Je lui ai jeté un coup d'œil mauvais.


— T'aurais pu y aller avec quelqu'un d'autre. 


Il releva la tête de ses notes, la pencha légèrement en arrière pour prendre le soleil. Je le revis le premier jour avec les cerisiers. En fait, il était vraiment très beau. J'étais pas un expert en la matière, et je ne pouvais rien avancer mais quand on le regardait... Ouais. Beau.


— Comme qui? 

— Je sais pas, dis-je. Ta petite copine, ou un de tes amis.


Il se tourna vers moi et sourit.


— Tu as un avis méchamment négatif de moi, hein? 


Je l'ai scruté avec des yeux ronds. C'était bizarre. Il était trop direct. 


— Qu'est ce qui te fais dire ça? 

— Venant de toi, le fait de supposer que j'ai une petite amie est péjoratif. 
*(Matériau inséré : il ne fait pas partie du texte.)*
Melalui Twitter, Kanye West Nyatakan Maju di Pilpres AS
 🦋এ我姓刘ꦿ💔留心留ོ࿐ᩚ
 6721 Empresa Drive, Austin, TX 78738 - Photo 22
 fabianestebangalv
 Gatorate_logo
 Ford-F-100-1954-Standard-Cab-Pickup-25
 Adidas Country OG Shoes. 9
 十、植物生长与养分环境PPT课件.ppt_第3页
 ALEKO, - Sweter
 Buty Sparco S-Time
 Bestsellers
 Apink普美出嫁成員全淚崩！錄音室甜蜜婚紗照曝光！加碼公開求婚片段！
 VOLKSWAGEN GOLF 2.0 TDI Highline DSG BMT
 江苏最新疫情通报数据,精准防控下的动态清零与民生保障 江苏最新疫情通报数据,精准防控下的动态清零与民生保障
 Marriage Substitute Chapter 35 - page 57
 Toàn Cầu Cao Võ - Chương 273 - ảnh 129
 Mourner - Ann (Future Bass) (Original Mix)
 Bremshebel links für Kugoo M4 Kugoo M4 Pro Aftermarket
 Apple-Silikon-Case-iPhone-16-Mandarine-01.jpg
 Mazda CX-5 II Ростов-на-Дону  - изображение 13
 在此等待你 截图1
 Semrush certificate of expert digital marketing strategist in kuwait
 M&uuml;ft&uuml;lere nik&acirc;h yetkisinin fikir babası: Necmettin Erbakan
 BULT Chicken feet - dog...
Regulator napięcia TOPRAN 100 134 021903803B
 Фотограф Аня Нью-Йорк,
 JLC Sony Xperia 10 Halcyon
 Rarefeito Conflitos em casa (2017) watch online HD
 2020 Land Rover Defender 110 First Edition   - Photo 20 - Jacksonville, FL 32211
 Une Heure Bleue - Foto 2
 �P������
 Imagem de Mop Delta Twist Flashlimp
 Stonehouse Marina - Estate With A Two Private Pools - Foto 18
— Pourquoi? Tu n'en as pas une? 

— Et non, marmonna-t-il. Dis-moi, tu ne trouves pas que les gens qui sortent avec leur espéré « grand amour » au lycée puis qui se séparent au bout de deux semaines sont ridicules?


Je le trouvais.


— Non. 

— Menteur.


Il y eut un blanc. Le seul bruit qu'on entendait était la brise qui faisait voler la poussière du sol. Il me fixa de son regard bleu perçant et son expression redevint plus sérieuse. C'était vraiment étrange. Sa façon de se comporter, de penser, d'agir. Ses mimiques contrôlées, et celles qui ne l'étaient pas. Il prit une inspiration et commença: 


— Je ne suis pas complètement honnête, moi non plus. En fait, si j'ai demandé à ce qu'on fasse les énergies solaires, c'était pour qu'on se retrouve seuls à seuls.


Attends une seconde...

Okay. C'était somptueusement ridicule, mais sans que je comprenne pourquoi, mon cœur manqua un battement. 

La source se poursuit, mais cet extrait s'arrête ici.